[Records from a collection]
▶

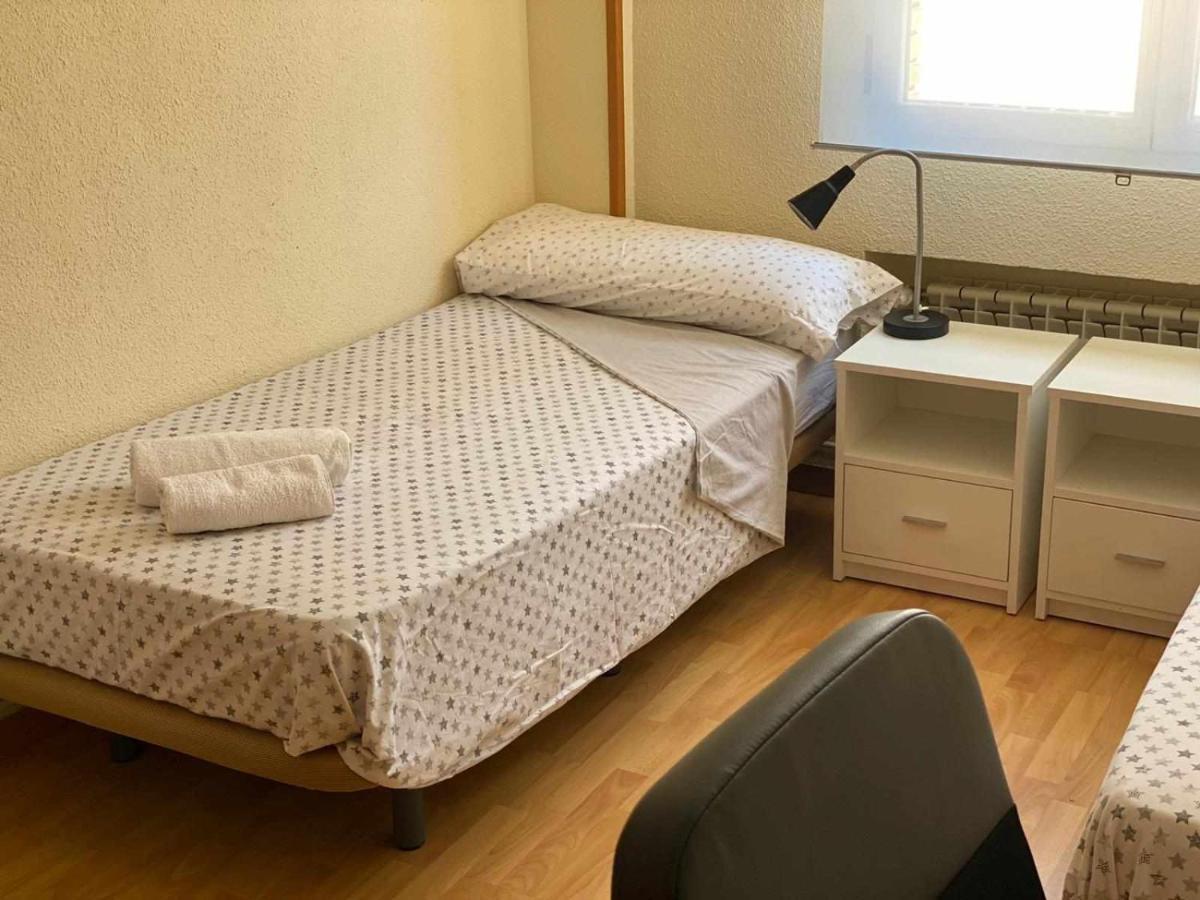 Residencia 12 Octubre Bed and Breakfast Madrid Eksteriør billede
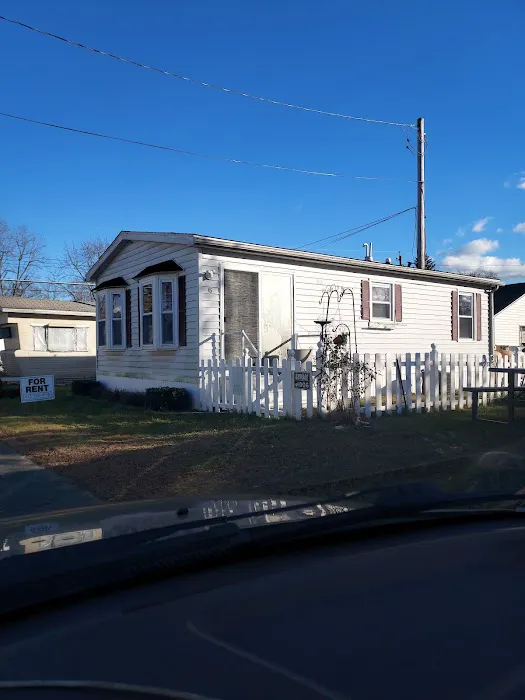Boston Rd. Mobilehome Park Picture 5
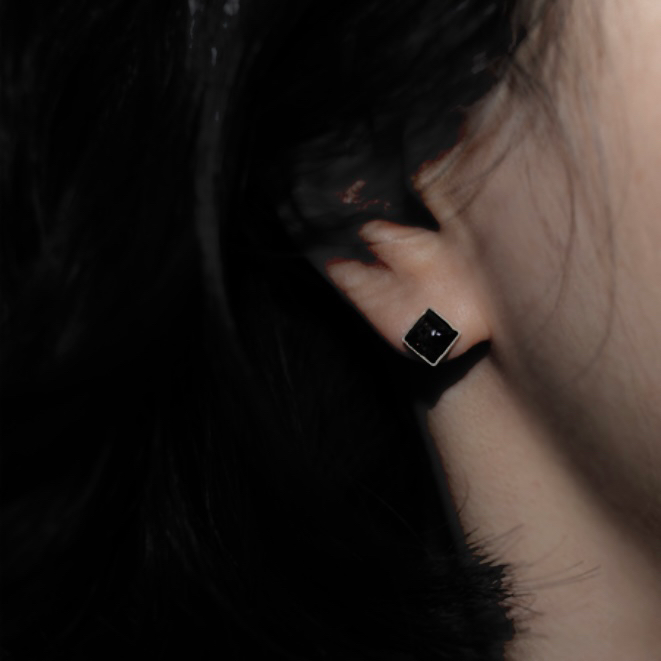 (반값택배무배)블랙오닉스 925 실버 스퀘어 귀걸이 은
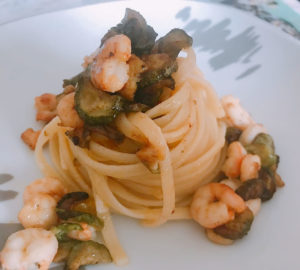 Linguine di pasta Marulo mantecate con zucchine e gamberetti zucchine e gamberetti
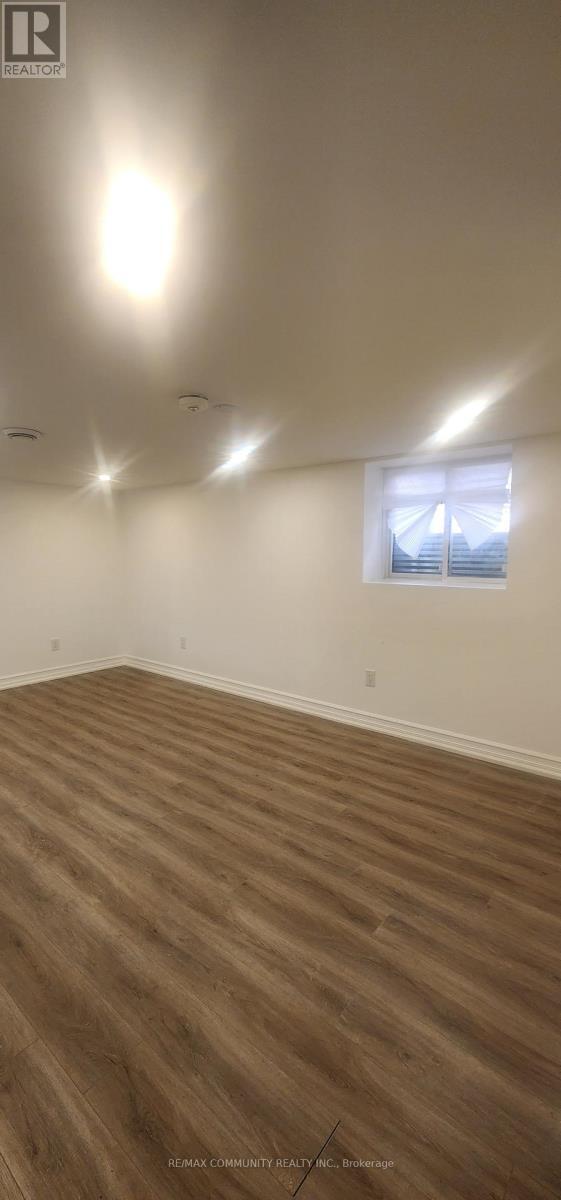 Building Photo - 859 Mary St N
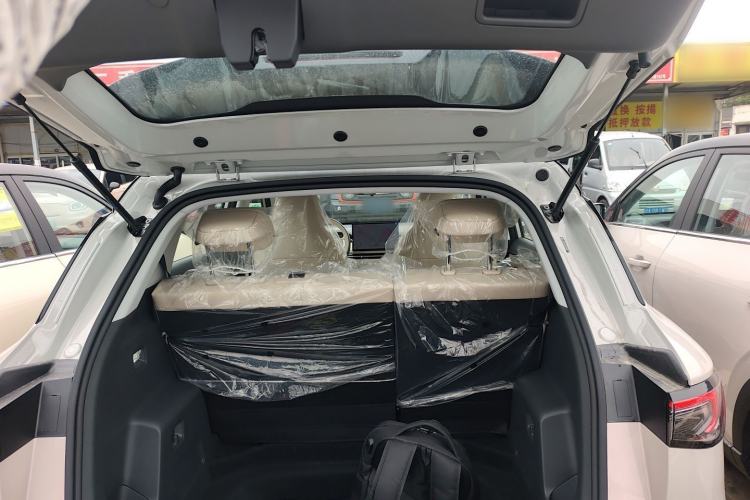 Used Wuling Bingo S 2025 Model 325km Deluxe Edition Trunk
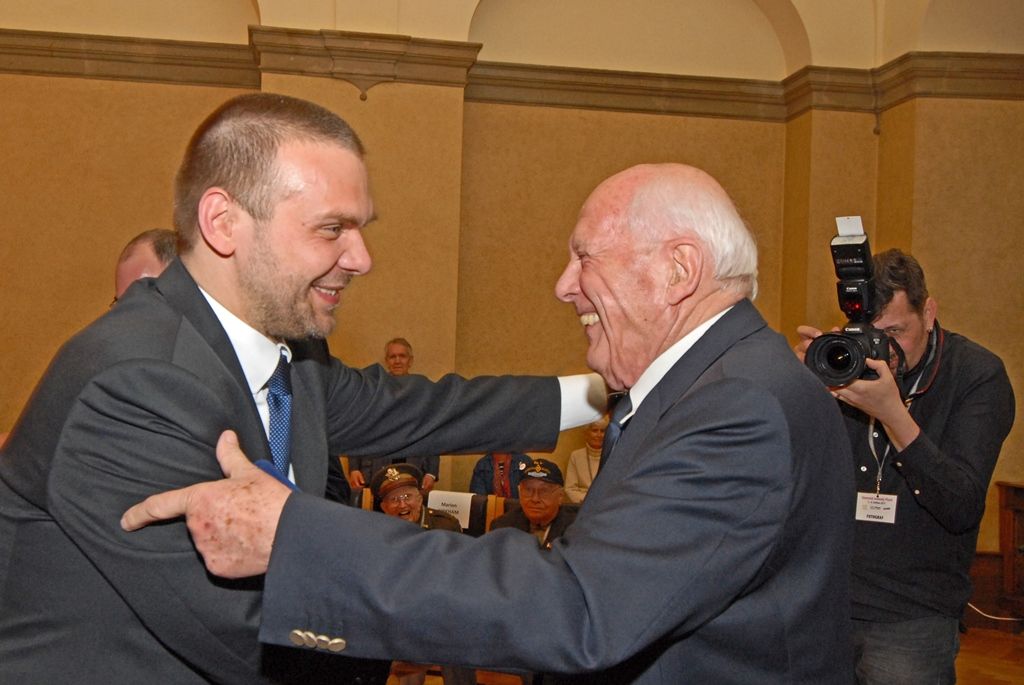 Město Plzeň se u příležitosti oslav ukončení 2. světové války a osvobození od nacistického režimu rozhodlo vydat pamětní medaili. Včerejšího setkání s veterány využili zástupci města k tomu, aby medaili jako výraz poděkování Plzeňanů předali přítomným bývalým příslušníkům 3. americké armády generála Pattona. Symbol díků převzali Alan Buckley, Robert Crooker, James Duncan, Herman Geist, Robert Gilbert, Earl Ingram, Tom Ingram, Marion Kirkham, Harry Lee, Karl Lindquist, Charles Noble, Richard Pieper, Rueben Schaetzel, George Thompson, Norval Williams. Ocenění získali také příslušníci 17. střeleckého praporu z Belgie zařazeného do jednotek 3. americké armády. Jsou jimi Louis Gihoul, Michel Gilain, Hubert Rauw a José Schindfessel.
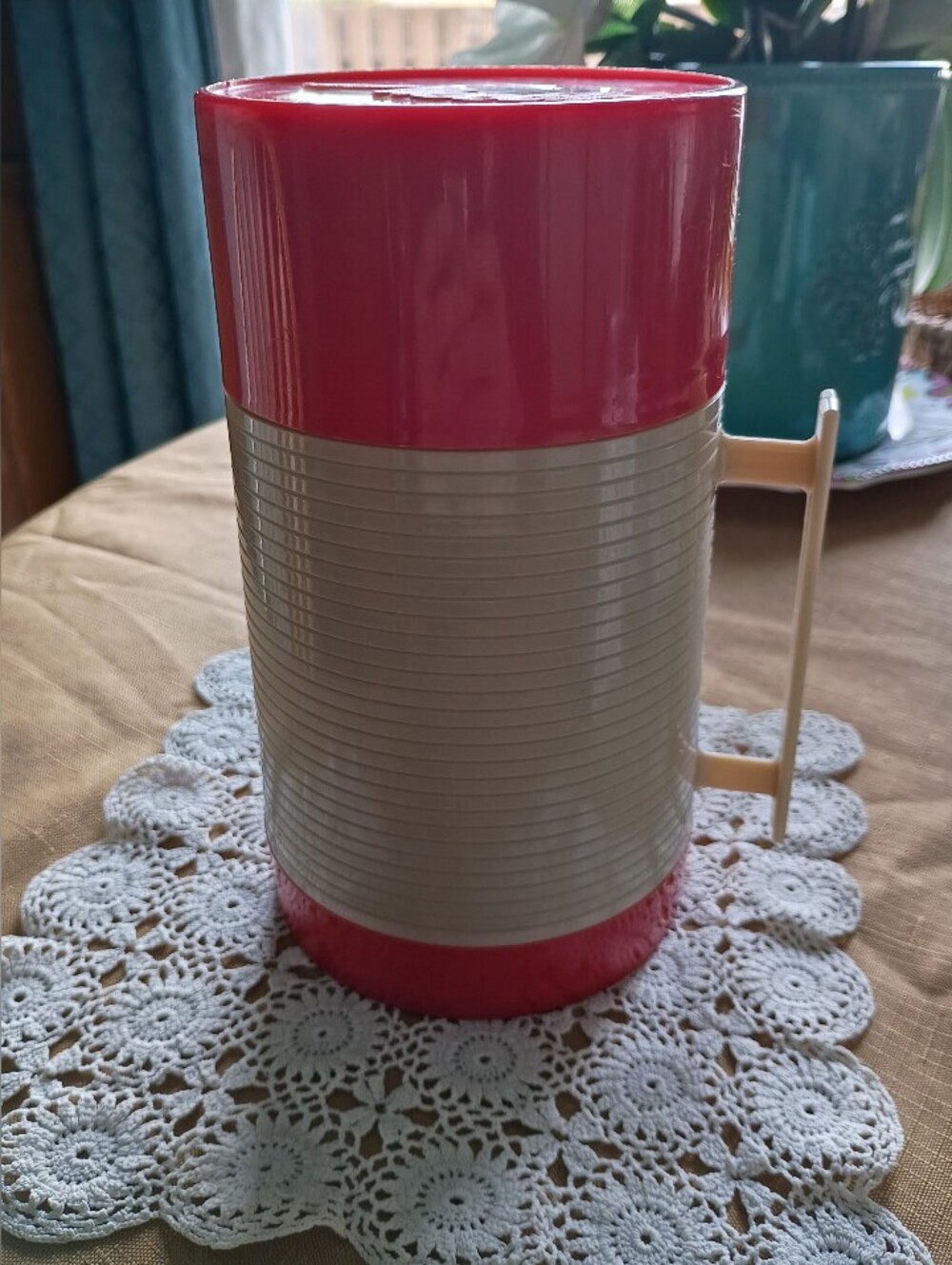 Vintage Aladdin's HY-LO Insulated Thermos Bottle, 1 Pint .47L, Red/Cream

◀

INSTRUCTIONS FOR THE TASK
From the first line above down to the line with "Building Photo - 859 Mary St N", reproduce every line and no others, omitting pictures.

WRITTEN REPLY
 Residencia 12 Octubre Bed and Breakfast Madrid Eksteriør billede
Boston Rd. Mobilehome Park Picture 5
 (반값택배무배)블랙오닉스 925 실버 스퀘어 귀걸이 은
 Linguine di pasta Marulo mantecate con zucchine e gamberetti zucchine e gamberetti
 Building Photo - 859 Mary St N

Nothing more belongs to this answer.